Non si dimenticano mai davvero le proprie radici culturali; e un politico non può neanche provare a farlo. La lettera sul Rinascimento europeo che il presidente Emmanuel Macron ha voluto inviare da Parigi, in 23 lingue diverse, a tutti i cittadini dell’Unione, ha l’ambizione di costruire il concetto di una vera sovranità europea, tutta in stile francese.

I limiti del sovranismo
Souveraineté, in realtà, è parola che non compare nel testo della lettera. Giustamente: con la campagna elettorale europea ormai avviata, meglio non confondere il proprio messaggio con quello dei cosiddetti “sovranisti”. Meglio lasciare che cadano in contraddizione da soli, come è inevitabile che sia: non ci può essere strategia comune, tantomeno europea, per i sovranisti e i nazionalisti radicali, ma solo accordi tattici (come mostrano, per fare un solo esempio, gli incontri-scontri tra Salvini e Orban). L’unico riferimento di paese sovrano al concetto è polemico e tutto sommato irrilevante («Chi può permettersi di essere sovrano di fronte ai giganti del digitale?»).
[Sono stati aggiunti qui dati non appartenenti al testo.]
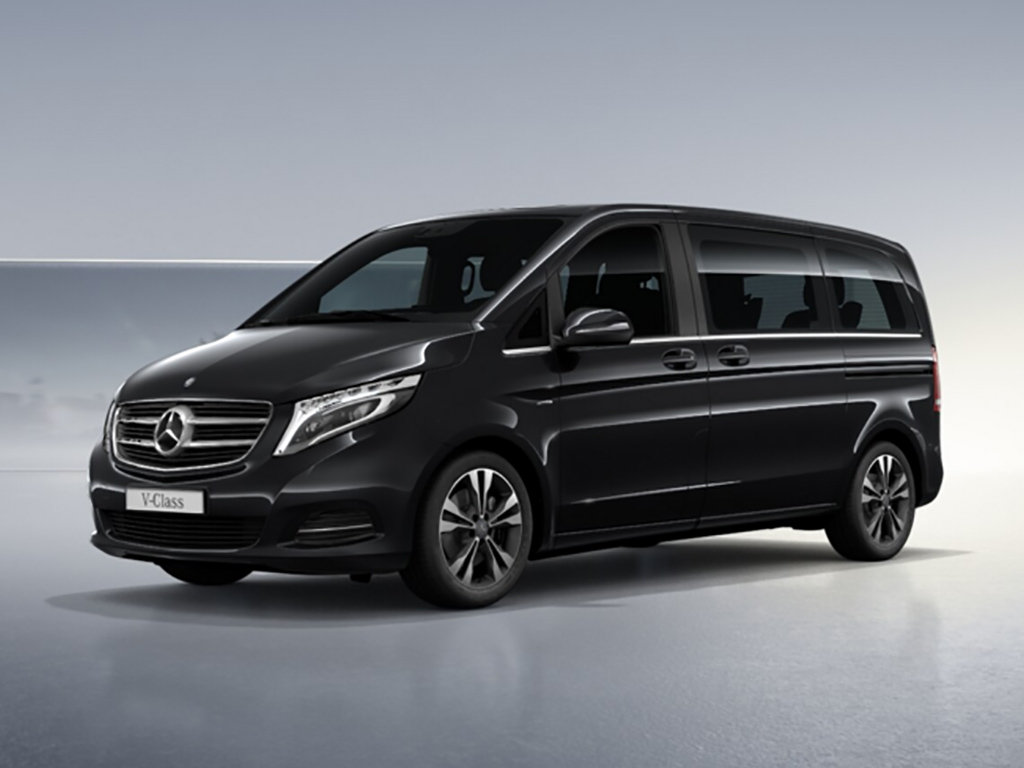 Mercedes Classe V - Hapy-transport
Un concetto tutto francese
Souveraineté è però concetto francese, nato con Jean Bodin e sviluppato - nella sua versione democratica - dal Jean-Jacques Rousseau nel suo Contrat Social (che è un testo più di dottrina dello Stato che politico). Persino autori come Montesquieu (con la sua idea della divisione dei poteri) o Burlamaqui si sono preoccupati di limitarne la portata, non di negarne esistenza o coerenza.

L’Europa come moltiplicatore della sovranità
Il concetto di souveraineté - e la sua applicazione pratica, l’amministrazione centralista francese - attraversa però tutto il testo della lettera (e tutta la retorica europeista di Macron). Il presidente francese pensa da sempre all’Europa come a un moltiplicatore della sovranità dei singoli Stati, e predilige infatti il metodo intergovernativo; e in questo senso trasferisce all’Europa le sole competenze che non possono più essere efficacemente perseguite dai singoli partner.

Libertà e sicurezza
La logica, però, resta quella dello Stato amministrativo e centralizzato. Solo qualche esempio. La libertà e è giustamente difesa, ma con la creazione di un’Agenzia (centrale) di protezione delle democrazie, strumento centralistico e - come tutte le istituzioni a difesa della libertà - insufficiente. Nulla sul federalismo, nulla sulla imperfetta distribuzione dei poteri in Europa, nulla sulle istituzioni europee non intergovernative, di cui ha invece recentemente parlato Mario Draghi, nulla su checks and balances. Nello stesso tempo si vuole limitare la libertà di espressione bandendo «tutti i discorsi di odio e di violenza», proposito nobile di perversa applicazione.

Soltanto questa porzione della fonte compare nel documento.